Lord Kirkcudbright
- Reign: 1665–1668
- Predecessor: John Maclellan, 3rd Lord Kirkcudbright
- Born: c. 1647 Borgue, Kirkcudbrightshire, Scotland
- Died: 29 March 1668
- Parents: John Maclellan, 3rd Lord Kirkcudbright Ann Maxwell

= William MacLellan, 4th Lord Kirkcudbright =

William MacLellan, 4th Lord Kirkcudbright (c. 1647 – 29 March 1668) was a Scottish peer and the fourth holder of the Lordship of Kirkcudbright. He succeeded his father, John Maclellan, 3rd Lord Kirkcudbright, in 1665 and held the title until his death in 1668.

==Early life ==

William MacLellan was born into the MacLellan family of Galloway, a family associated with the barony of Bombie and the royal burgh of Kirkcudbright. His father, John MacLellan, 3rd Lord Kirkcudbright, was a Scottish peer whose family had long held influence in the region. His mother was Ann Maxwell.

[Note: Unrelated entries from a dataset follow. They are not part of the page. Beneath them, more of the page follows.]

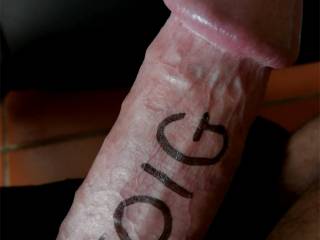 Genuine Cape Town Cock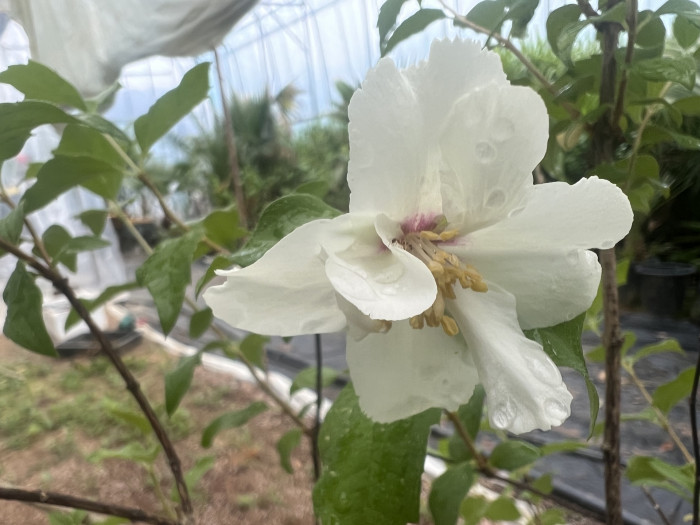 고광나무 - Korean mock orange, Philadelphus schrenkii Rupr. var. schrenkii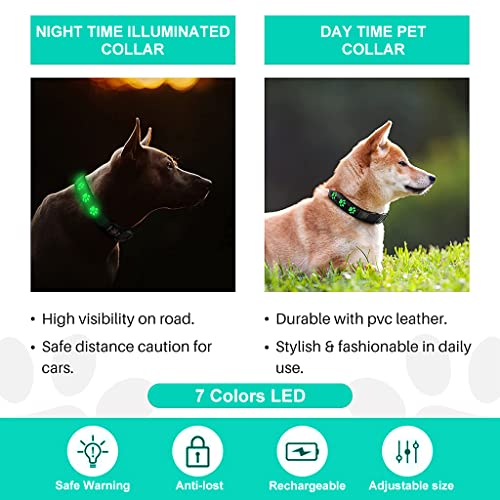 Qpets® Dog Collar for Medium Dog, 7 Colours LED Dog Collor Light Up Dog Collar USB Rechargeable Quick Release Buckle, Adjustable Size PVC Leather Dog Collar, Dog Neck Collar(Size: M)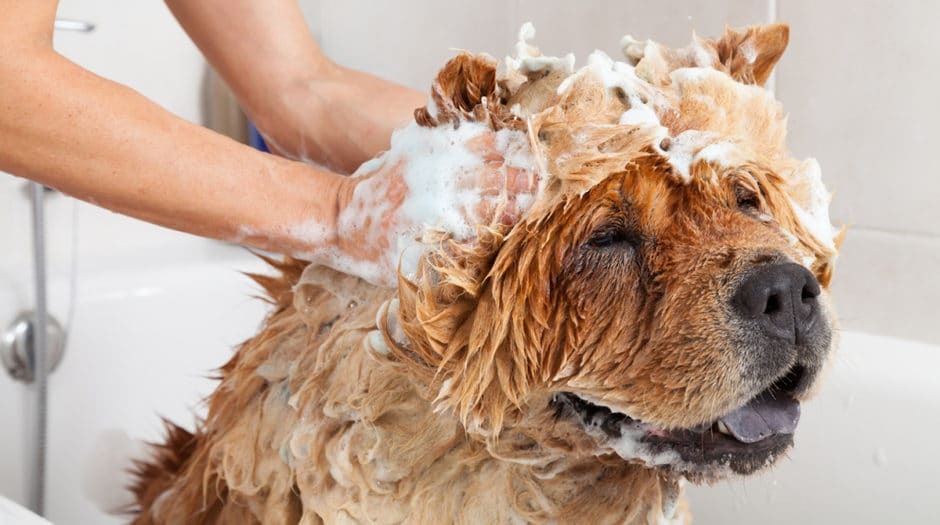 How to Trim a Female Dog Sanitarily [+video]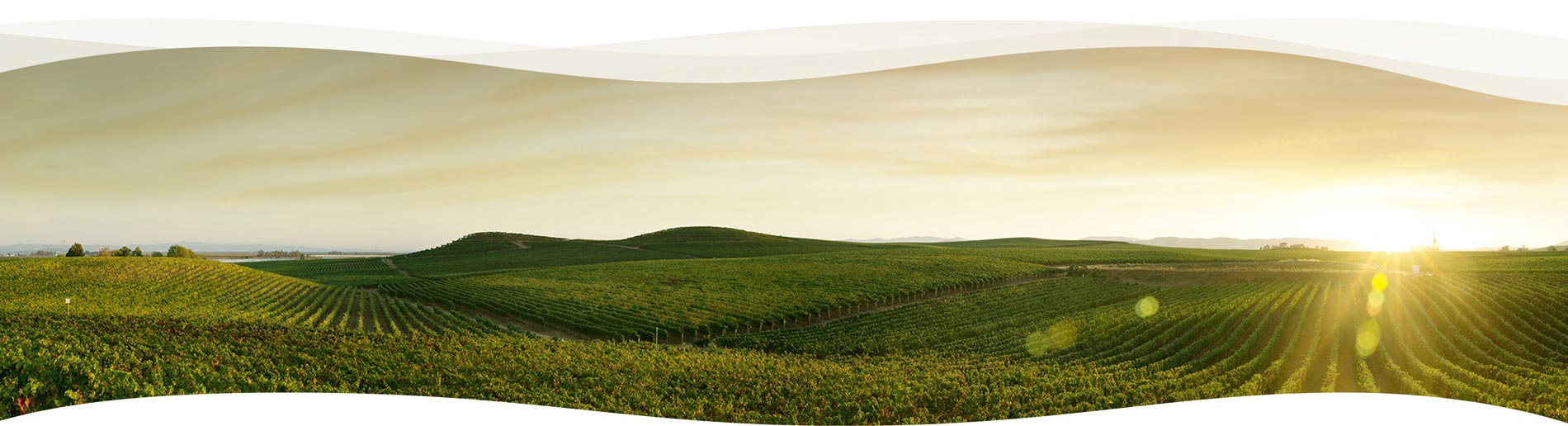 Belén Quirós - Servicios agrícolas en Quero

William succeeded his father as Lord Kirkcudbright in 1665. His tenure was brief, lasting only until his death on 29 March 1668.

==Political and religious context==

MacLellan's lordship occurred during significant political and religious tension in Scotland following the Restoration of Charles II. The re-establishment of episcopal government in the Church of Scotland led to resistance among Covenanters, resulting in the Pentland Rising of 1666 and subsequent government repression of Presbyterian dissent.

Scotland was affected by wider conflicts and crises, including the Second Anglo-Dutch War, economic disruption, and outbreaks of plague. Charles II's government sought to strengthen royal authority in Scotland, increasing tensions with Presbyterian communities.

Although William held the Kirkcudbright title during this turbulent period, there is no evidence that he played a major public role in these national conflicts.

==Financial Difficulties and Succession Dispute==

During MacLellan's lifetime, the MacLellan family's estates became heavily burdened by debt. He died unmarried and without issue on 29 March 1668, after which questions arose concerning the succession to the Kirkcudbright title and the associated family estates.

Following his death, succession was opened to descendants of William MacLellan of Auchlane.

In 1668, John McClellan of Auchlane presented a supplication claiming to be MacLellan's heir, as nephew of John Maclellan, 3rd Lord Kirkcudbright. However, he immediately renounced his right as heir because he was pursued by his father William MacLellan of Auchlane's creditors and lacked sufficient funds to discharge the debts.

Although John McClellan of Auchlane is occasionally associated with the Kirkcudbright succession in later genealogical accounts, he never possessed the title of Lord Kirkcudbright.

William MacLellan's short tenure contributed to later uncertainty surrounding the Kirkcudbright succession. Because he died young and without issue, later claims to the title depended upon competing interpretations of family descent and inheritance.